One of the biggest reasons investors like preferred stocks and the corresponding exchange traded funds, such as the PowerShares Preferred Portfolio (NYSEArca: PGX) is yield. Put simply, preferreds and the ETFs that hold them usually sport far higher yields than are found on standard bond investments, but for PGX, that is changing.

However, the change is not a negative. It simply results in a smaller yield on the ETF. PGX, which is over nine years old, tracks the BofA Merrill Lynch Core Plus Fixed Rate Preferred Securities Index. The ETF holds 251 preferred stocks.

“A key measure of the yield for the exchange-traded fund’s underlying index plunged by nearly 3 percentage points on March 22. The change came because the index switched the way it calculates the metric known as yield to worst, which indicates the investor’s income from the fund in a worst-case-scenario,” reports Carolina Wilson for Bloomberg.

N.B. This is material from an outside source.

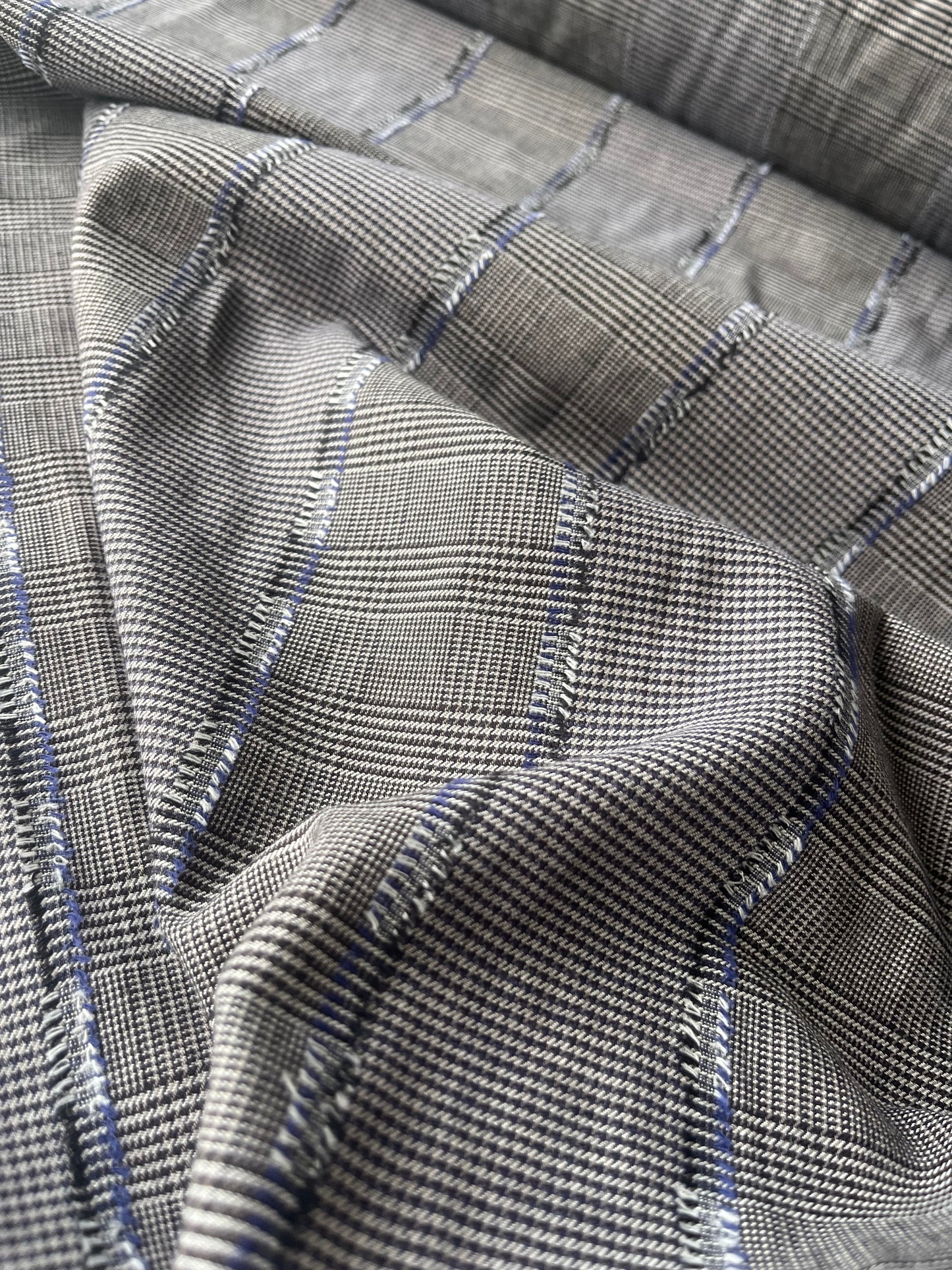 JOSIANE 015 check with fil coupé stripes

Preferred stocks are a type of hybrid security that show bond- and equity-like characteristics. The shares are issued by financial institutions, utilities and telecom companies, among others. Within the securities hierarchy, preferreds are senior to common stocks but junior to corporate bonds. Additionally, preferred stocks issue dividends on a regular basis, but investors don’t usually enjoy capital appreciation on par with common shares.